Protecting HDFS data
By default, business data contained in raw events, time series, and summary events is written to the HDFS data lake without any obfuscation. You can define rules to obfuscate or remove sensitive data from the events before this data is written to the data lake.
Objectives
Protecting your data can help you meet your objectives for GDPR compliance.
Important: You can protect only business data and user names. Any rule that is defined on any other field is
invalid and causes all rules to be ignored.
You can define three types of rules.
- Anonymization
- Any means of identifying the business data is irreversibly destroyed.
- Pseudonymization
- Identifiable business data is replaced with a reversible and consistent value in such a way that additional information is required to re-identify the data.
- Data removal
- The business data is removed from the event that is being processed.
Rule definitions
The rules are provided as a JSON file with the following
format.
{
"actions": [
rule1,
rule2,
...,
ruleN
]
}
Each rule is a JSON object. Its content depends on the protection mode you choose for the
business data.
- Anonymization
- In the following rule, each field is a string, which is enclosed between quotation marks and
contains the field path in JSON path format. To protect the data, the values of the fields that are
listed in the fields property are hashed. Note: The listed fields may not be all present for each event at run time. Only the listed fields that can be matched in the event are hashed.

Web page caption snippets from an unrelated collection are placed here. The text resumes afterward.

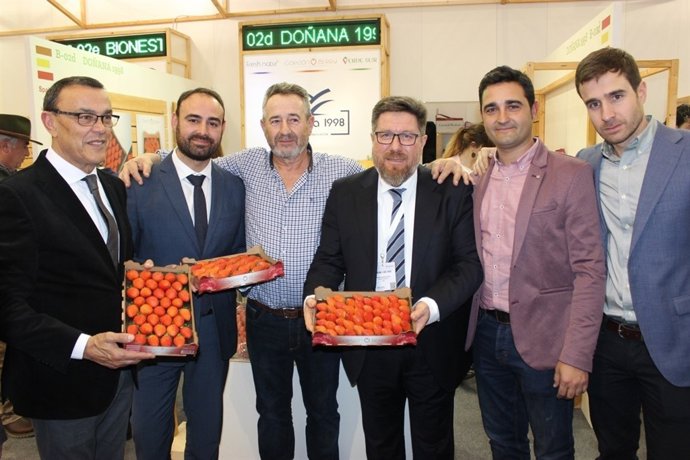 El consejero de Agricultura,Rodrigo Sánchez Haro, en Berlín.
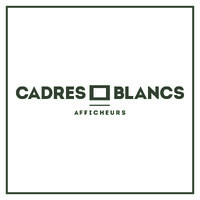 Cadres Blancs Afficheurs logo - Similar company to Bluebird Speaker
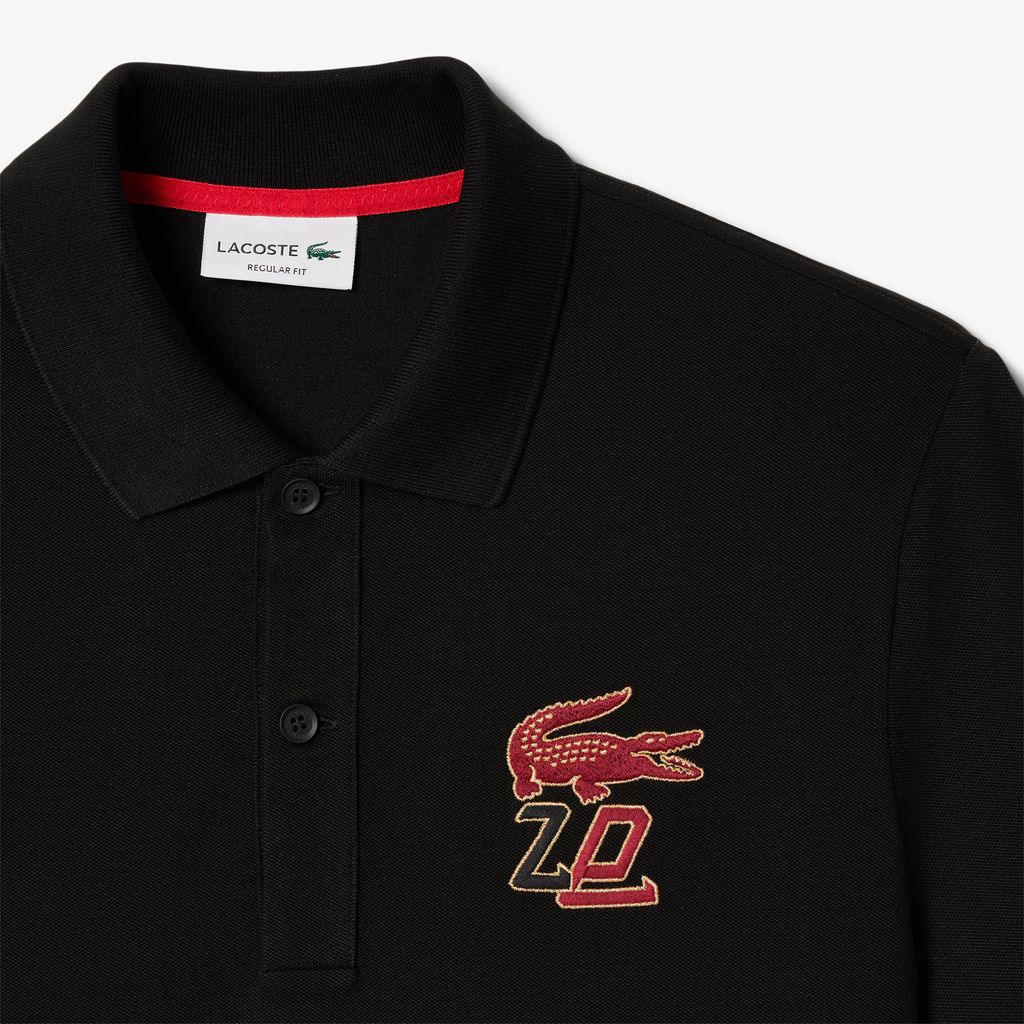 Áo Polo Lacoste Nam Dáng Suông Phiên Bản Đặc Biệt Tết Nguyên Đán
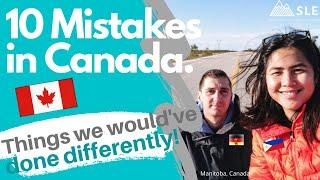 10 MISTAKES: INTERNATIONAL STUDENTS MAKE IN CANADA! Study and Immigration to Canada -Filipino|German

{ "type": "hash", "fields": [ fieldPath1, fieldPath2, ... fieldPathN ] }
- Pseudonymization
- In the following rule, each field is a string, which is enclosed between quotation marks and
contains the field path in JSON path format.Note: The listed fields may not be all present for each event at run time. Only the listed fields that can be matched in the event are encrypted.
{ "type": "encrypt", "params": { "key": "AES_key", "iv": "Initialization Vector" }, "fields": [ fieldPath1, fieldPath2, ... fieldPathN ] }
- Data removal
- Each field is a string, which is enclosed between quotation marks and contains the field path in
JSON path format. To protect the data, the listed fields are removed.Note: The listed fields may not be all present for each event at run time. Only the listed fields that can be matched in the event are removed.

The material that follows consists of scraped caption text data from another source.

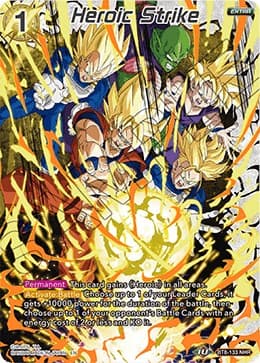Heroic Strike — Malicious Machinations card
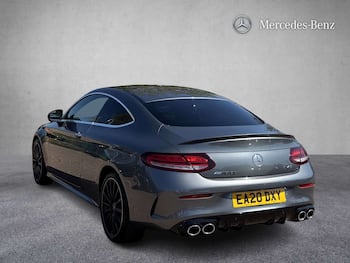 Used Mercedes-Benz C Class 2020 for sale - 79624498: Photo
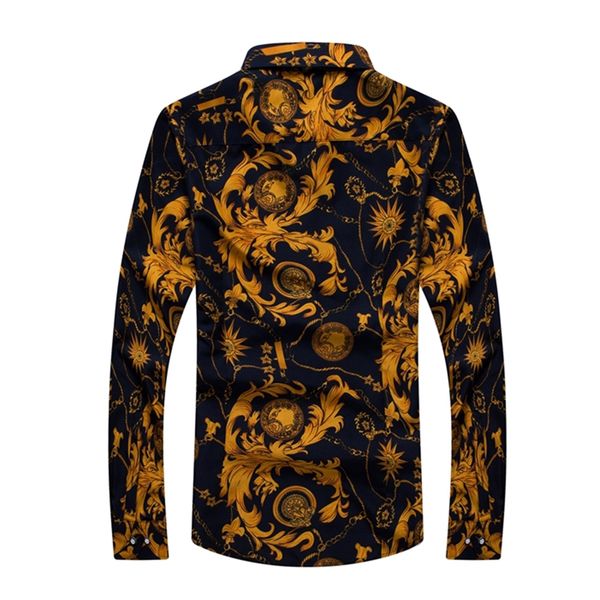 casual fashion soft flower print button business men shirt spring autumn slim long sleeve gift thin daily, White;black
casual fashion soft flower print button business men shirt spring autumn slim long sleeve gift thin daily, White;black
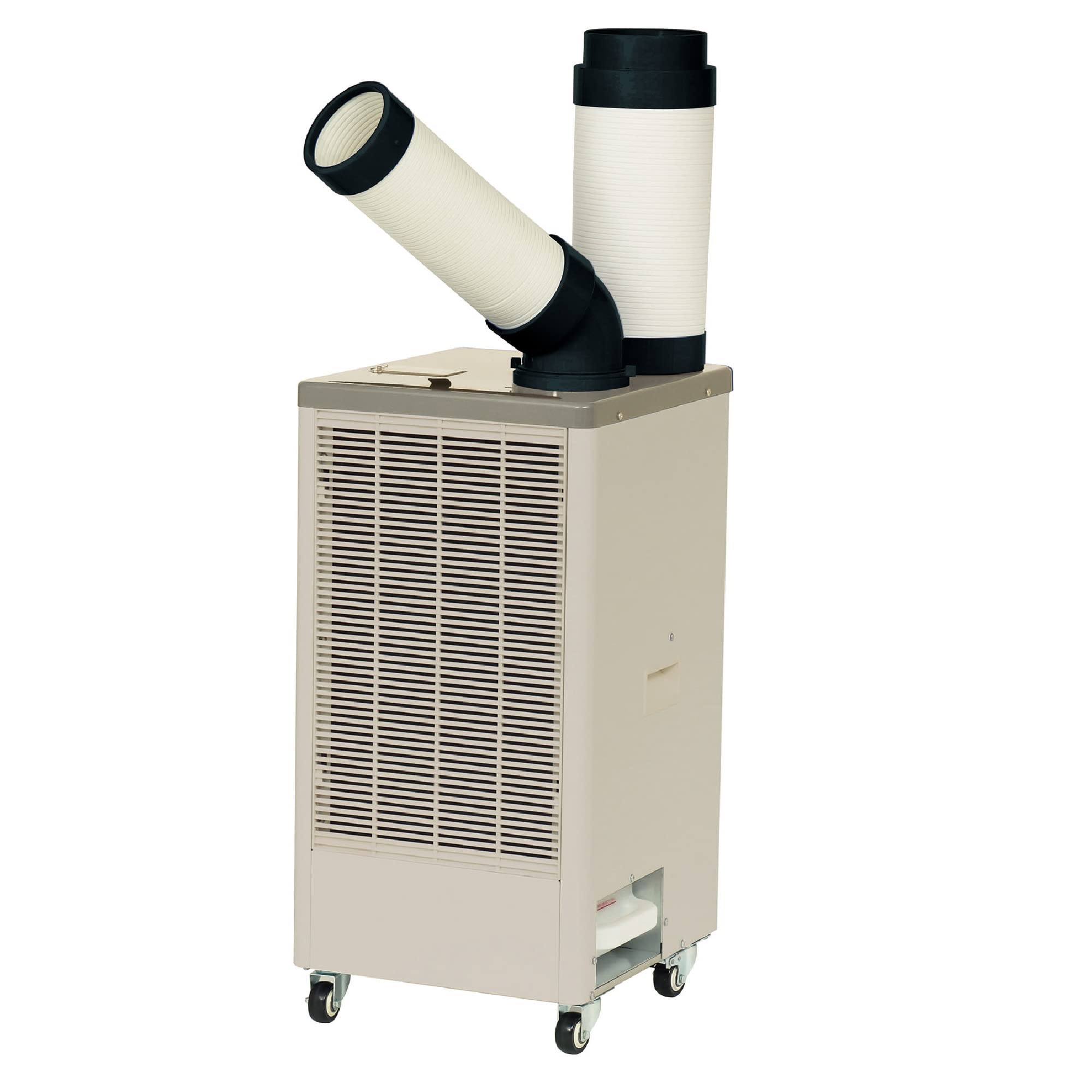 Amazon.co.jp: 広電 スポットクーラー 業務用 冷風・排熱ダクト付 省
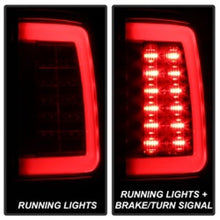 Load image into Gallery viewer, Spyder 09-16 Dodge Ram 1500 Light Bar LED Tail Lights - Red Clear ALT-YD-DRAM09V2-LED-RC 5084040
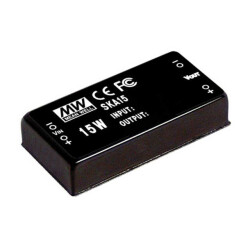 Isolated Module DC DC Converter 1 Output 15V 1A 18V - 36V Input - 1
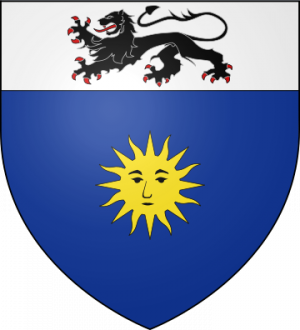Blason de la famille de Ricouart d'Hérouville (Île-de-France, Bretagne)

{ "type": "remove", "fields": [ fieldPath1, fieldPath2, ... fieldPathN ] }
Example of data protection rules
{{
"actions": [
{
"type": "remove",
"fields": [
$['trackedFields']['MyStringField.string']
]
},
{
"type": "hash",
"fields": [
$['trackedFields']['MyStringField.string']
]
},
{
"type": "encrypt",
"params": {
"key": "MTIzNDU2NzgxMjM0NTY3OA==",
"iv": "MTIzNDU2Nzg4NzY1NDMyMQ=="
},
"fields": [
"$['trackedFields']['MyStringField.string']",
"$['data.at1523259151214']['MyString.string']"
]
}
]
}
Uploading rules
You can upload data protection rules by using a JSON file.
- New in 18.0.2
- The API endpoint for uploading rules uses NodePort
services.https://<ICP_IP>:<Admin_Node_Port>/api/upload
curl -k -X POST -u <username>:<password> https://mycluster.icp:<admin_node_port>/api/actions -H 'content-type: multipart/form-data' -F "file=@/users/bai/validRules.json;type=application/json"

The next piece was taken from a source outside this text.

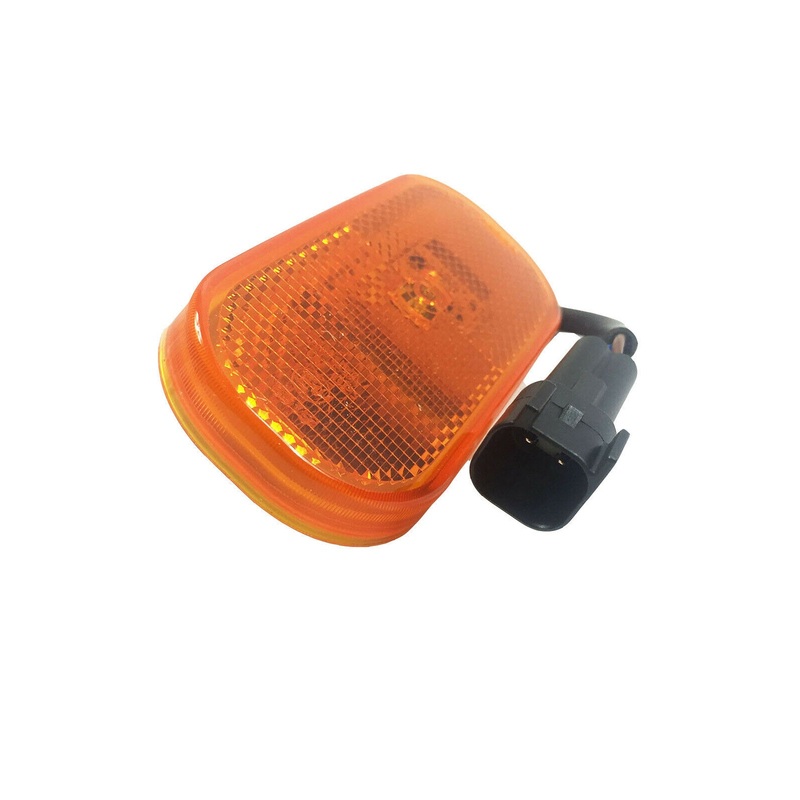 Ford Transit Mk8 2014 Onwards Side Marker Light Lamp Lens With Lamp 1832493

- The API endpoint for uploading rules uses NodePort
services.
- For 18.0.0 and For 18.0.1
- The file size is limited to 4096 bytes. The API endpoint for uploading rules differs depending
on whether you use Ingress or NodePort services.
- Ingress: https://<Ingress_IP>/ibm-bai-<release name>/admin/api/actions
- NodePort:
https://<ICP_IP>:<Admin_Node_Port>/api/upload
curl -k -X POST -u <username>:<password> https://mycluster.icp/ibm-bai-<release name>/admin/api/actions -H 'content-type: multipart/form-data' -F "file=@/users/bai/validRules.json;type=application/json"